Así, Dolores, como miembro del
Partido Comunista.
* * *
¿Y cuál su gesto, cuáles sus
características fisonómicas, cómo se refleja en su faz su calidad humana?
Ante nosotros ‒es una evocación
admirativa y cariñosa‒ se nos presenta y muestra su personalidad en esta forma:
Arrugas profundas, formando
laberinto, en la oscura superficie de la frente y la oquedad de las mejillas:
elocuentes, parecen decir con grito largo y ululante, el punzante dolor de un
pueblo y una raza.
Ternura fijada en sus
facciones, blanda y suave ternura, como copo de lana o escarcha matutina. No es
una ternura sola, es ternura colectiva, que abarca los afectos de los ayllus
serranos, transparentes, diáfanos y purificados en el crisol del sufrimiento.

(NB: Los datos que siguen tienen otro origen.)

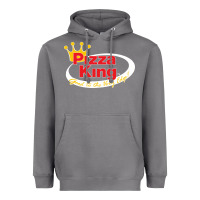 Storm pizza king cowboy Heavyweight Hoodie - linhVisuals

Que contiene, encerrado en vasija de barro para que no se escape, el tierno
arrullo de las madres indias, rítmico y grave, como canto de tórtolas
campestres.
Rasgos de dura firmeza,
coexistiendo con la mansa dulzura, como la flor al lado del espino. Fortaleza
con consistencia de granito y resistente a los golpes más furiosos, como el
puño de martillo de los amos o el rayo lanzado por sus dioses, por ejemplo.
Temple así ‒inquebrantable roca‒ porque es de fe su basamento. Porque es
certidumbre pegada a la piel y grabada en la mente de reconquistar la tierra
arrebatada, para ya poseída, acariciar los surcos y besar el brote de las
mieses. Y entonces clamar con voz potente, para que retumbe con el eco, el
viejo grito de guerra y de victoria: ¡Ñucanchic Allpa!

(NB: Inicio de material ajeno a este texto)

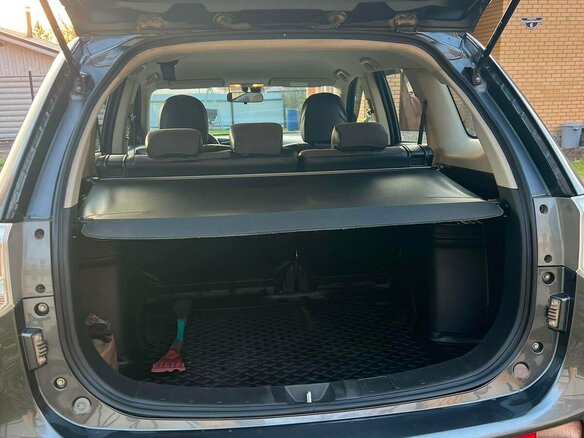 2013 Mitsubishi Outlander III, серый, 1530000 рублей - вид 8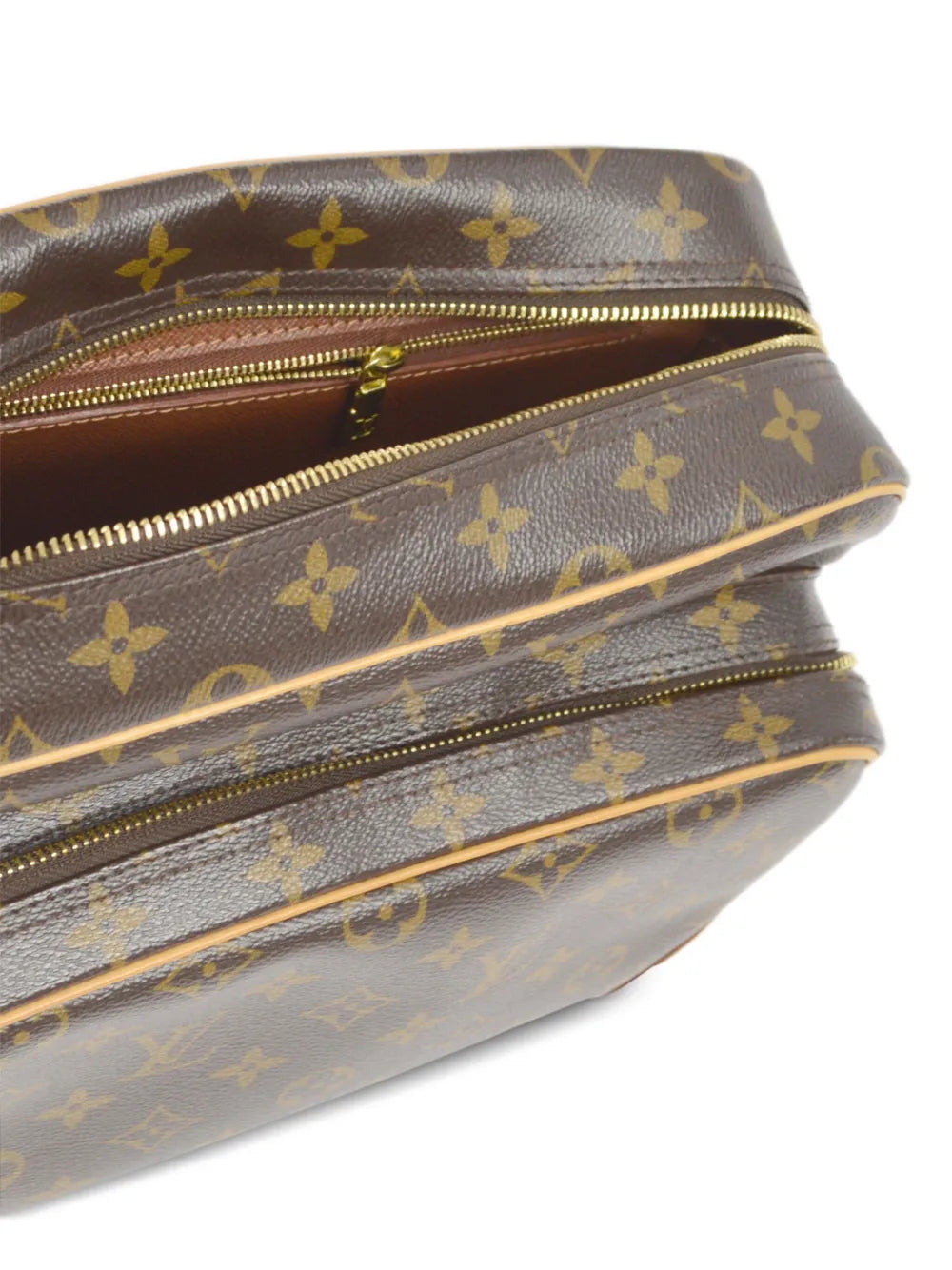 Louis Vuitton Pre Owned 2012 Nile Shoulder Bag — Same as shown — Size One Size — Top View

Mirada potente y penetrante,
hecha para romper la niebla espesa de los cerros nativos, para distinguir entre
la paja de la puna la sierpe de los chaquiñanes. Mirada prestada por los cóndores
andinos, para avizorar también, desde alta cumbre, el camino y la meta del
combate emprendido: ¡ese mundo feliz con tierra propia que titila en los
horizontes del futuro, irradiando claridad como una estrella!
Barro arrugado ‒ pachamama ‒, ternura y firmeza
confundidas, ojos en éxtasis mirando hacia la aurora: eso es Dolores.
Ahora, esa obstinada
perseguidora de una estrella ‒el socialismo‒ ha desaparecido de la escena de
la vida. Los ojos que avizoraban el porvenir lejano se cerraron para siempre en
un día de abril de 1971, día triste y de tonos grises, porque la tristeza es
séquito inseparable de la muerte. Y en este caso, tristeza de mayor hondura
todavía ‒con notas de yaraví‒ porque también es tristeza colectiva. Aflicción
y duelo, de todas las indiadas de la Sierra.
Tal como nació ‒destino
impuesto por el latifundio‒ encontró la muerte en la miseria. Harapos desde la
cuna, alargándose implacablemente por toda una existencia, para acompañar a su
dueño hasta el silencioso reposo de la tumba. Solo queda para su pueblo, como
herencia, el inapreciable tesoro de su ejemplo. Y eso basta: sus herederos
sabrán conservarlo, con fe y con cariño, siguiendo al pie de la letra su
enseñanza.
Los indios han escrito para
nuestra historia grandes y heroicas páginas. Tienen toda una galería de combatientes
admirables. Allí está Daquilema, alzándose indómito contra la teocracia
garciana, para demostrar que ni Dios tiene derecho a tiranizar a sus hermanos.
Están Saes y Morocho, ofreciendo al General Alfaro la sangre de sus huestes
broncíneas como rescate para la abolición del concertaje, y como tributo
generoso del pueblo indio, para purificar la patria con los aires de la democracia.
Está Puma de Vivar, enhiesto en las lomas azuayas, llamando a somatén con su churo cañari, para responder con golpes
el golpe diario de los opresores. Y están los comunistas Jesús Gualavisí y
Ambrosio Laso, levantando la bandera roja y mostrando el socialismo, como el
más alto objetivo de la lucha indígena.
¡Todos, hombres de ejemplar
coraje, digno del respeto y recuerdo!
La muerte de Dolores, luchadora
de igual valer, no ha sido sino corto viaje para colocarse al lado de ellos y
formar parte de esa selecta galería. Desde allí, con puño en alto, seguirán
participando en las batallas venideras.
[1] El Pueblo, 14 de enero de 1956.
[2] El Pueblo, 24 de mayo de 1957.
[3] El Pueblo, 7 de febrero de 1957.
[4] Actas transaccionales correspondientes a las haciendas de "San Pablo‒Urco", "Pisambilla," "Moyurco", "La Chimba", "Santo Domingo", "Chaupi‒Moyurco" y otras, suscritas en el año 1969.